Art Center admissions have always been selective, and classes are still kept very small in both the graduate and undergraduate programs, because of the emphasis on collaboration. “It’s a conservatory program, so students work together in teams and on each other’s projects and, by the time they graduate, they’ve helped to create many films,” Peterson says. Moreover, he adds, “We don’t want our writer/ directors to think of themselves as lonely auteurs. If they respect other artists and welcome their skills, they’ll be collaborating like veteran filmmakers before they graduate.”
Erik Anderson was already a producer of feature films when he selected Art Center for his MFA, partly because of its legacy and professionalism. “I stood on the shoulders of guys who were there before,” he says, like Tarsem Singh FILM 90 (Mirror Mirror, Immortals, The Cell) and Michael Bay FILM 88 (Transformers, Armageddon).

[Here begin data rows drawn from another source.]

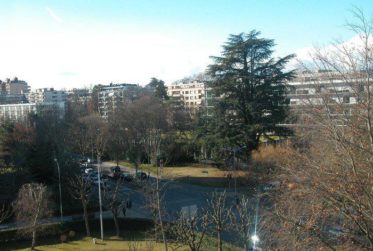 Appartement meublé à Champel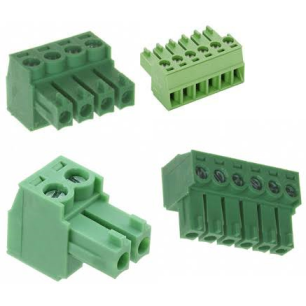 BORNIER 6CTS FEM DETACHABLE 3,81MM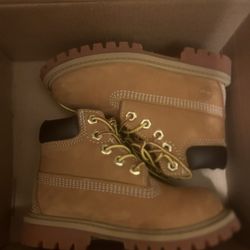 Timberlands, Size 8 In Toddlers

While in school Anderson has developed a strong commercial reel, but it was during the making of a documentary in Peru, in collaboration with Art Center’s Designmatters’ Safe Agua Peru project, that he realized the depth of his technical training. For Hands in the Mist, which presents design solutions created by Art Center students to overcome water poverty issues, Anderson learned documentary shooting “on the fly”—and was shortlisted for a Cannes Young Director Award.
Like Anderson, Ellen Houlihan was working in the industry when she decided to return to school. For her, the efficiency of the graduate program was a big draw. “Art Center’s accelerated two-year MFA degree made the most sense in terms of time, money and independence afforded to student filmmakers,” she says.
Houlihan has been prolific at Art Center and is already winning awards, most recently a 2012 Cannes Young Director Award for a public service announcement about gay suicide that was praised by The Huffington Post. She adds that another reason she picked Broadcast Cinema over other MFA programs was that she wouldn’t have to choose a concentration in screenwriting, directing or producing; here, she was able to do all three. Finally, she cites TV veteran Victoria Hochberg’s Directing 1 class as offering training she didn’t see anywhere else, explaining, “Victoria provides a real-world simulation to teach us the art of collaboration and the rigors of meeting each day of production.”